Germany, Brazil, and the Singular Joy of the Blowout

Die Mannschaft humiliated Seleção and gave fans everywhere a reason to cheer.

Who would have guessed that the German team, with its well-earned reputation for punishing and soporific efficiency, would be the Cup’s breakout star? The team whose M.O. is to ruthlessly parlay an early goal into 80-odd minutes of keep-away had offices, living rooms, and barrooms across the world in an absolute uproar. For two hours yesterday, you literally couldn’t keep up with the onslaught. If you were watching the live stream, freezes in the feed buried goals in static only to reveal an almost unfathomable slaughter. Not to be insensitive to Brazilian fans – a sensitive lot – but it was entertaining as hell. Blowouts are fun.
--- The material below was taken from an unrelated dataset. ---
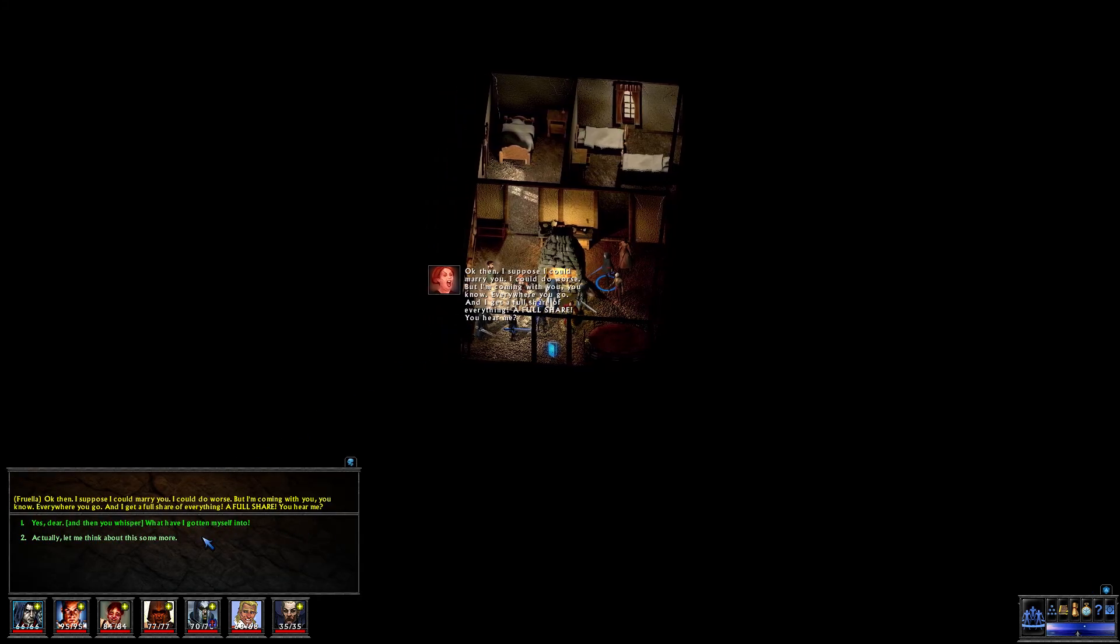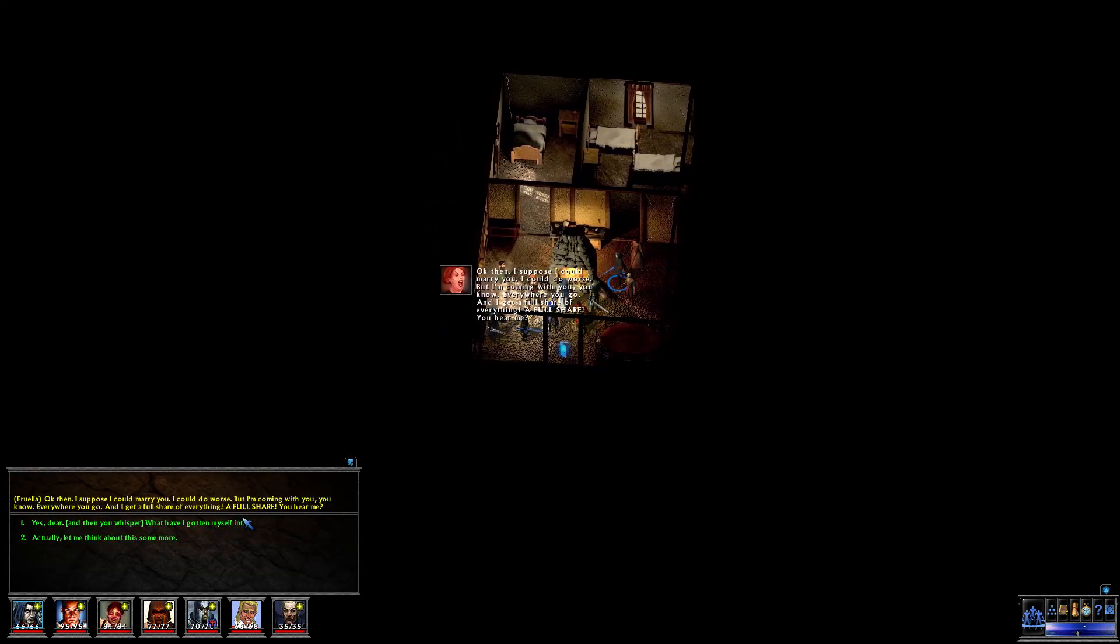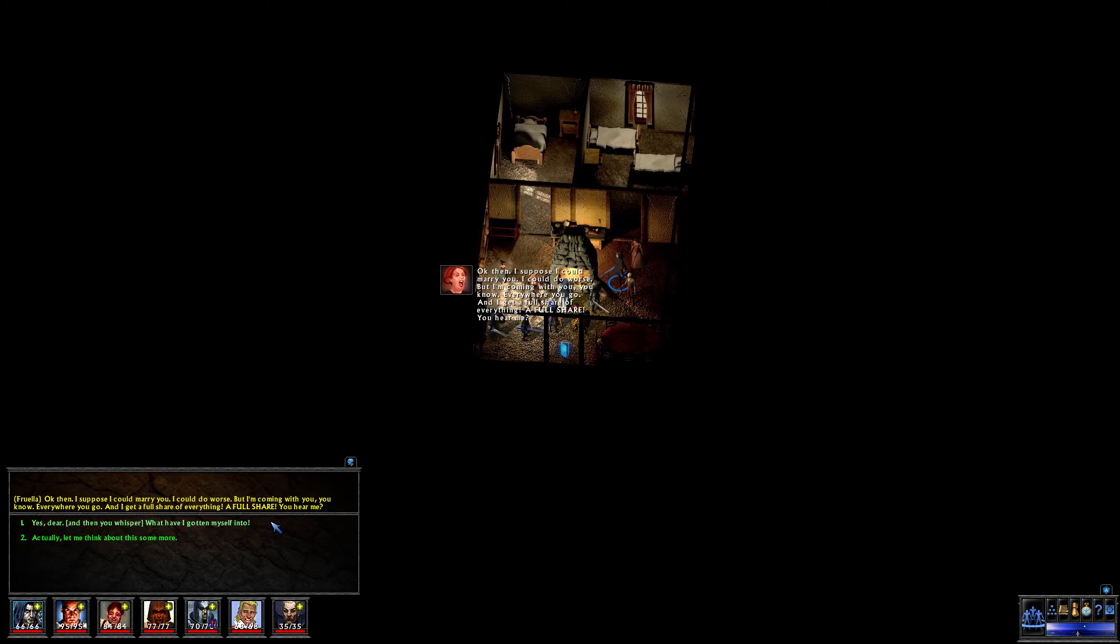Oh, you again. Okay, then. I suppose I could marry you. I could do worse. But I'm coming with you, you know, everywhere you go, and I get a full share of everything. A full share. You hear me?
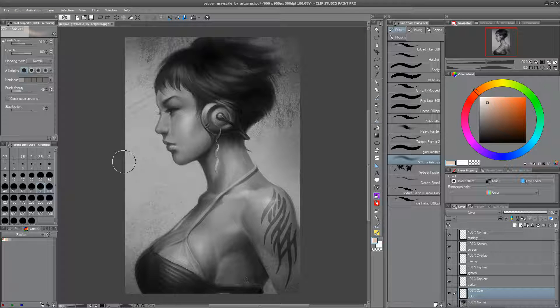Hey everybody, my name is Mike and I'm a comic book colorist, but today I'm going to do a more general video so I can refer people back to it. It's going to be on the core blending modes in Photoshop and Manga Studio.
The horror in Belo Horizonte quickly became the most tweeted sporting event in history, with 35.6 million zingers clogging the web. Not coincidentally, the game it eclipsed was also a blowout: Super Bowl XLVIII saw the Seahawks breaking the Bronco and 24.9 million fans tweeting about it. This might lead a sociologist to conclude that sports fans are a heartless bunch, bandwagon death squads reveling in decimation for decimation’s sake. And there is something to be said for this theory. ESPN’s viewership in America – the semifinal hit a record 4.1 Nielsen rating – peaked at 5:45 p.m., well after the contest was over. Was it schadenfreude? To a degree, but we actually tuned in to, as the Germans say, maulaffen feilhalten.

That expression means “gape in awe,” not rubberneck. And it’s important to remember that those are two different activities.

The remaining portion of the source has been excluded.